Now the chance of the U.S. elite using this con to turn affairs in northern Syria into a large U.S.-led war has dissipated. President Trump rolled up the tripwire and brought it home, and the fighting in the area belongs to those who either live there or want to be there. Now is the time for Americans to make the governing elite abide by their own word by asking a few questions. Following are four that need to be answered in a manner that fully meets U.S. national security interests:

–Q: Who is fighting in northern Syria now?

–A: Syria, Russia, Turkey, and Syrian and Turkish Kurds.

–Q: What commonality can be found among these combatant entities?

–A: The U.S. government and military, the bipartisan governing elite, and the media have for decades identified four of them as enemies of the republic; Russia and Syria as nation-state enemies, and the Syrian and Turkish Kurds as terrorist enemies. They also identify Turkey as an enemy whenever it suits their political convenience.

–Q: Does that mean that four full-time and one part-time U.S. enemy are fighting and killing each other in a remote and landlocked region almost 6,000 miles from Washington D.C.?

–A: That is correct

–Q: Should Americans care about what goes on in the war there, or even about who wins?

–A: Only those who are more insane than the average Democrat presidential candidate.

A final word for Americans examining the situation along The Turkey-Syria border. The U.S. governing elite is claiming that the Islamic State (IS) fighters imprisoned in the region will be released by the Syrian Kurds, and that is true enough. But so what? U.S. and Russian air assets and Syrian and Russian ground forces destroyed the physical ISIS Caliphate, which was IS’s most important attraction for much of the Muslim world’s militant Islamist population. The released fighters will have the choice of going home, fighting with the largely Sunni Kurds against three IS enemies – Turkey, Syria, and Russia – or trying to move into Iraq, Afghanistan, or Yemen. U.S. forces are likely to be totally withdrawn from Iraq and Afghanistan before long, and so – for the United States – whatever those fighters decide to do will be no more than a temporary annoyance. If the released IS fighters decide to try to rebuild the caliphate where it once stood, it will be up to the Europeans, Turkey, Syria, Russia, Iraq, Iran, Saudi Arabia, and the other Gulf tyrannies to defeat them.

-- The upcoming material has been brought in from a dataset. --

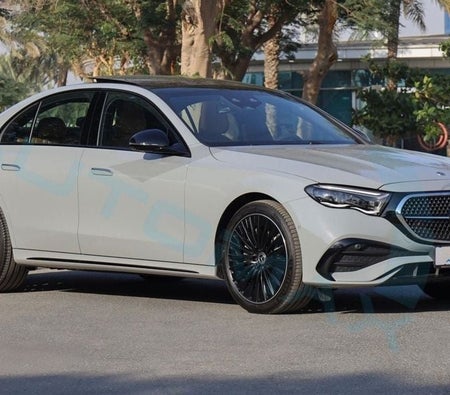 Серый Mercedes Benz E300 2026 Серый Mercedes Benz E300 2026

No doubt the gang of U.S. war-mongers will shrilly claim that the released IS fighters will come to the United States and fight us here. This is a truly silly claim. IS has no navy or shipping, and floating across the Atlantic with their ordnance on inner tubes is problematic. In addition, President Trump and Secretary Pompeo appear to be eradicating the pro-Islamist rot from the State Department’s staff and so visas for terrorists – like those given to the San Bernardino shooters – will no longer be issued. Next, the construction of the southern border wall is progressing and will be completed before too much longer. That wall is today – as it was on 12 September 2001 – the single most important and effective U.S. anti-Islamist defense measure.

Finally, when all U.S. combat forces are out of Syria, Iraq, and Afghanistan, the importance of the American target to ISIS and other Islamist insurgent groups will drop markedly. After all, they hate Americans today – as they did on 12 September 2001 – not for who we are or how we live and think in North America, but because they believe – with some reason – that the U.S. government has long tried to destroy their religion, culture, traditions, mores, and history and has sent its military forces to protect Israel and tyrannical Muslim governments, as well as to occupy Muslim territory. Getting out of the region may not make the Islamist heart grow fonder of the United States, but it surely will refocus the Islamist eye on the remaining host of enemies they must confront and defeat after we are gone.